1. Ce que dit vraiment The Insider
The Insider, média d’investigation indépendant en exil, a publié un article relayant les inquiétudes exprimées en coulisses par certains acteurs du secteur financier russe. Ces signaux faibles, bien réels, montrent que les élites économiques perçoivent la guerre comme un facteur de fragilité économique croissante. Mais il ne s’agit ni d’un appel public à cesser les hostilités, ni d’un retournement politique. Présenter cela comme un basculement du régime est une extrapolation abusive.
2. Ce que disent les économistes sérieux
L’efficacité des sanctions ne se mesure pas à court terme. Elles visent l’asphyxie progressive de secteurs clés de l’économie russe : technologies, financement extérieur, commerce énergétique. Elles provoquent une adaptation par contournement (via la Chine, l’Inde, la Turquie), mais ces solutions de rechange sont coûteuses et limitées. Sur le long terme, les sanctions creusent la dépendance stratégique de la Russie à l’égard de puissances tierces et réduisent ses capacités d’investissement productif.
3. « Les sanctions ne marchent pas » : une manipulation médiatique ?
Affirmer que les sanctions « ne fonctionnent pas » est une caricature. Elles n’ont pas mis fin à la guerre, mais elles affaiblissent progressivement l’économie russe, comme le montrent la baisse des revenus budgétaires, la fuite des cerveaux, la fragilité du rouble, et la dépendance accrue aux marchés asiatiques. Les effets sont réels, différés, mais incompatibles avec le rythme de l’information continue qui exige des résultats immédiats.
4. Quand les médias brouillent la compréhension
Le problème n’est pas tant dans les faits que dans leur traitement. LCI, comme d’autres chaînes, juxtapose des opinions contradictoires sans analyse, donne la parole à des chroniqueurs plutôt qu’à des experts, et alimente une confusion nuisible. Le spectateur est tiraillé entre l’idée que la Russie est affaiblie et celle qu’elle est invincible. Il n’y a plus de grille de lecture, seulement des impressions contradictoires.

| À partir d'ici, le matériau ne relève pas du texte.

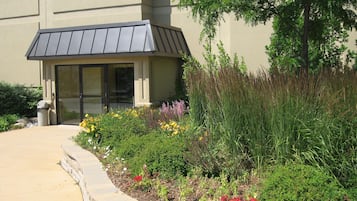 A building with a covered entrance, a landscaped garden with various plants and flowers, and a clear pathway leading to the entrance.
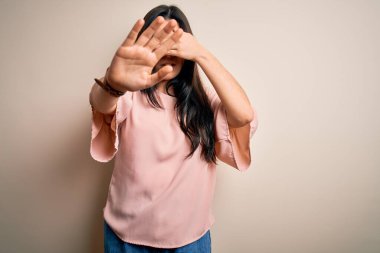 Genç, esmer, zarif bir kadın gözlük takıyor, arka planda izole edilmiş, ellerle gözleri örtüyor ve üzgün ve korku ifadeleriyle dur hareketi yapıyor. Utanç verici ve olumsuz bir kavram..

Que faut-il retenir sur les sanctions ?
- Les sanctions ne visent pas un effet immédiat mais un affaiblissement structurel.
- Elles réduisent la capacité militaire, industrielle et financière de la Russie sur le long terme.
- Elles provoquent des contournements coûteux et instables via des alliances de circonstance.
- Dire qu’elles « ne fonctionnent pas » est un abus de langage révélateur d’une culture de l’instant.
Les voix critiques russes relayées par des médias d’opposition n’ont que peu de poids politique immédiat.